-- YOUR ASSIGNMENT --
Which lines run from the line with "Red Morning In" to the end of the entries? Write out exactly those, leaving out the pictures.

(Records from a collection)
"""
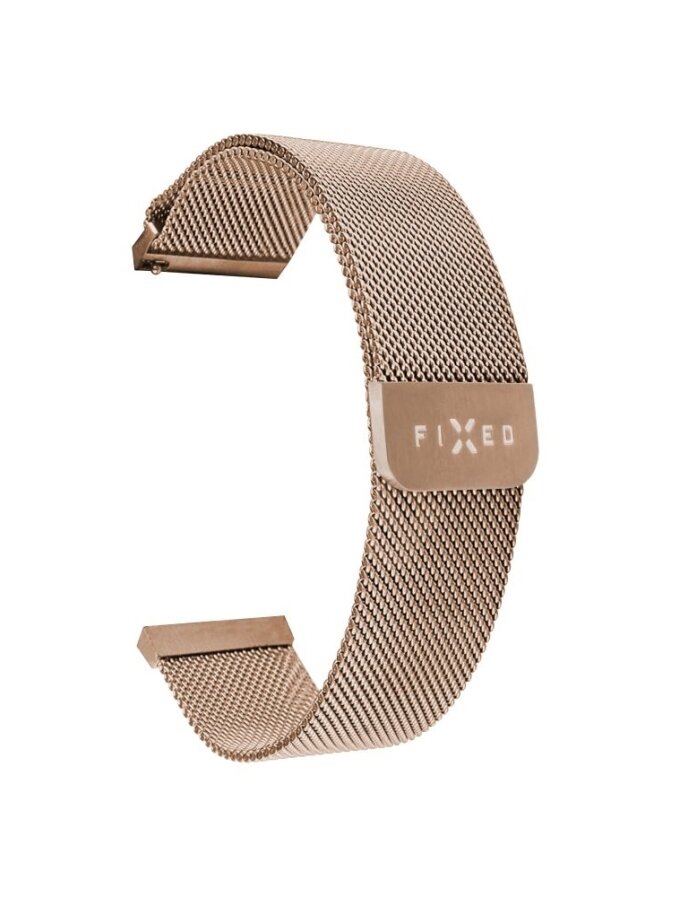 Fixed | Mesh Strap with Quick Release, 18mm, Stainless Steel Mesh Strap for Smartwatch | Gold 2 Fixed | Mesh Strap with Quick Release, 18mm, Stainless Steel Mesh Strap for Smartwatch | Gold 2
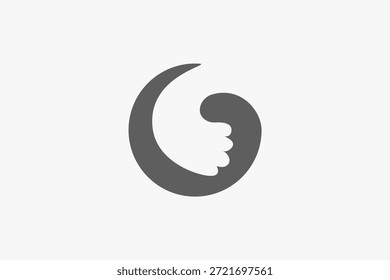 Ataque de bofetada del gato de la pata en el logotipo del círculo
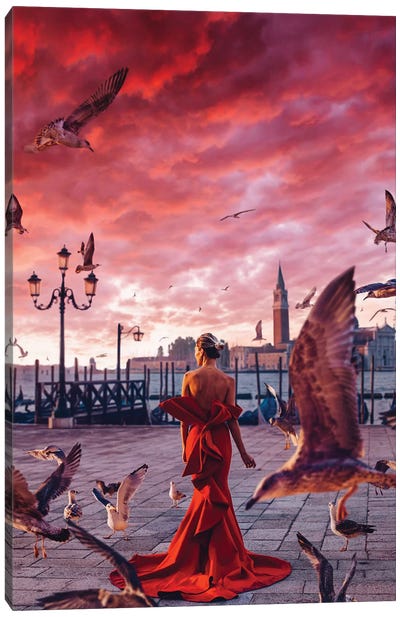 Red Morning In Venice Canvas Art Print - Women's Empowerment Art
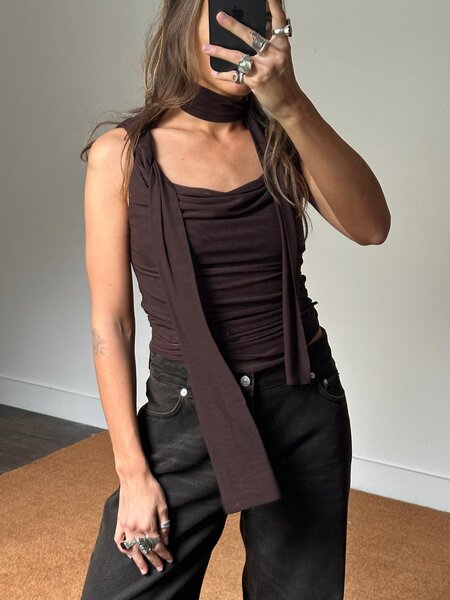 House of Sunny Draped Neck Mesh Top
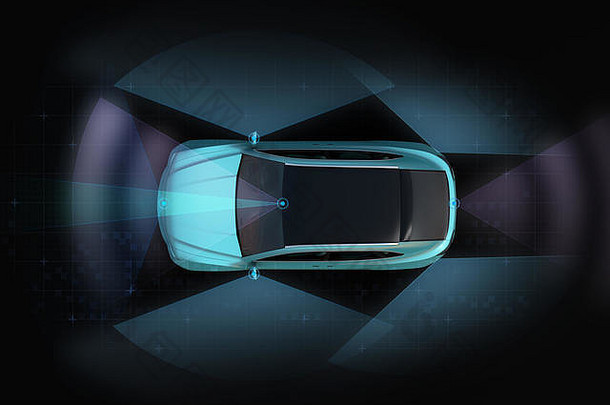 道路上自动驾驶SUV的俯视图，感测图形图案经过修饰。夜间交通。三维渲染图像。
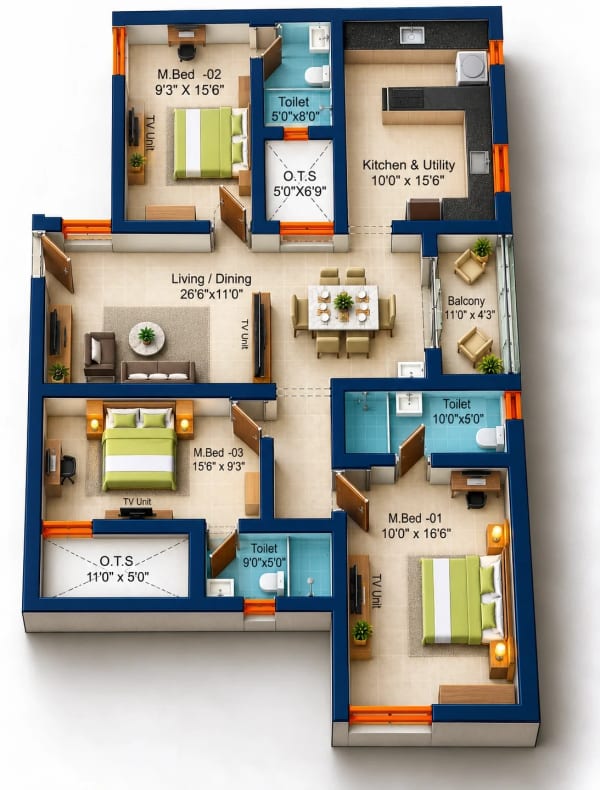 3 BHK Apartment floor plan — Sree Dakshas Ilaria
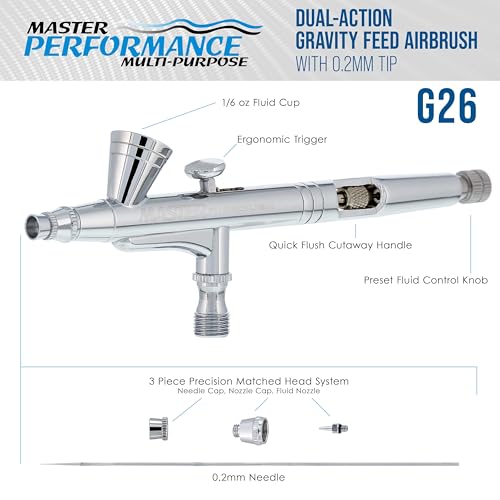 Master Airbrush G26 Multi-Purpose Dual-Action Gravity Feed Airbrush Gun | 0.2mm Tip, 1/16 oz Cup, Cutaway Handle, Air Brush Gun for Fine Art, Aerografo Illustration, Hobby, and Cake Decorating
"""
-- PROBLEM SOLUTION --
 Red Morning In Venice Canvas Art Print - Women's Empowerment Art
 House of Sunny Draped Neck Mesh Top
 道路上自动驾驶SUV的俯视图，感测图形图案经过修饰。夜间交通。三维渲染图像。
 3 BHK Apartment floor plan — Sree Dakshas Ilaria
 Master Airbrush G26 Multi-Purpose Dual-Action Gravity Feed Airbrush Gun | 0.2mm Tip, 1/16 oz Cup, Cutaway Handle, Air Brush Gun for Fine Art, Aerografo Illustration, Hobby, and Cake Decorating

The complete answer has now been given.